▶ **EXERCISE PROMPT**
Starting with the line that contains "Stabilisateur 3-en-1 Movin", copy every line through the end of the data below, exactly and with nothing added.

▶ **EXTRACTED DATA**

----

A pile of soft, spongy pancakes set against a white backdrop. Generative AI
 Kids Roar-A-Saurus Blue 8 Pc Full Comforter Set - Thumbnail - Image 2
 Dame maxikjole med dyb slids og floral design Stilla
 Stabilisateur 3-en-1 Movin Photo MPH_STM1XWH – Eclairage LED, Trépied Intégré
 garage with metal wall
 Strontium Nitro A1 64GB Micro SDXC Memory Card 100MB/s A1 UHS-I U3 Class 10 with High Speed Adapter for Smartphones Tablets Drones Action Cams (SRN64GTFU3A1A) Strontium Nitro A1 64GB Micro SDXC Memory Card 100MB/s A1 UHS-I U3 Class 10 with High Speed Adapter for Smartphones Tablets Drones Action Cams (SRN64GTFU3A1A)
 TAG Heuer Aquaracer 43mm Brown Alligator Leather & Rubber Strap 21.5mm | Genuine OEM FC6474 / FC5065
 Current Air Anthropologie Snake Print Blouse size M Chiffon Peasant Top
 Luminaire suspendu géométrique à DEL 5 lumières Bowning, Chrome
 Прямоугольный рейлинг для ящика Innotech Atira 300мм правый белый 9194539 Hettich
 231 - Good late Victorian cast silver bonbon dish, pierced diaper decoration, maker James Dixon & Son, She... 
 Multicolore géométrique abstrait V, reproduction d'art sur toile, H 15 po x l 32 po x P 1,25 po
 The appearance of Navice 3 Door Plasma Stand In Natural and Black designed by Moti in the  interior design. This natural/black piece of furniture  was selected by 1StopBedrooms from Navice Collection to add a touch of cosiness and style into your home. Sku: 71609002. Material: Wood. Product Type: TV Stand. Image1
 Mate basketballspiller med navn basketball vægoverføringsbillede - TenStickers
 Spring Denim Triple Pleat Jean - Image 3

----

▶ **EXERCISE ANSWER**
 Stabilisateur 3-en-1 Movin Photo MPH_STM1XWH – Eclairage LED, Trépied Intégré
 garage with metal wall
 Strontium Nitro A1 64GB Micro SDXC Memory Card 100MB/s A1 UHS-I U3 Class 10 with High Speed Adapter for Smartphones Tablets Drones Action Cams (SRN64GTFU3A1A) Strontium Nitro A1 64GB Micro SDXC Memory Card 100MB/s A1 UHS-I U3 Class 10 with High Speed Adapter for Smartphones Tablets Drones Action Cams (SRN64GTFU3A1A)
 TAG Heuer Aquaracer 43mm Brown Alligator Leather & Rubber Strap 21.5mm | Genuine OEM FC6474 / FC5065
 Current Air Anthropologie Snake Print Blouse size M Chiffon Peasant Top
 Luminaire suspendu géométrique à DEL 5 lumières Bowning, Chrome
 Прямоугольный рейлинг для ящика Innotech Atira 300мм правый белый 9194539 Hettich
 231 - Good late Victorian cast silver bonbon dish, pierced diaper decoration, maker James Dixon & Son, She... 
 Multicolore géométrique abstrait V, reproduction d'art sur toile, H 15 po x l 32 po x P 1,25 po
 The appearance of Navice 3 Door Plasma Stand In Natural and Black designed by Moti in the  interior design. This natural/black piece of furniture  was selected by 1StopBedrooms from Navice Collection to add a touch of cosiness and style into your home. Sku: 71609002. Material: Wood. Product Type: TV Stand. Image1
 Mate basketballspiller med navn basketball vægoverføringsbillede - TenStickers
 Spring Denim Triple Pleat Jean - Image 3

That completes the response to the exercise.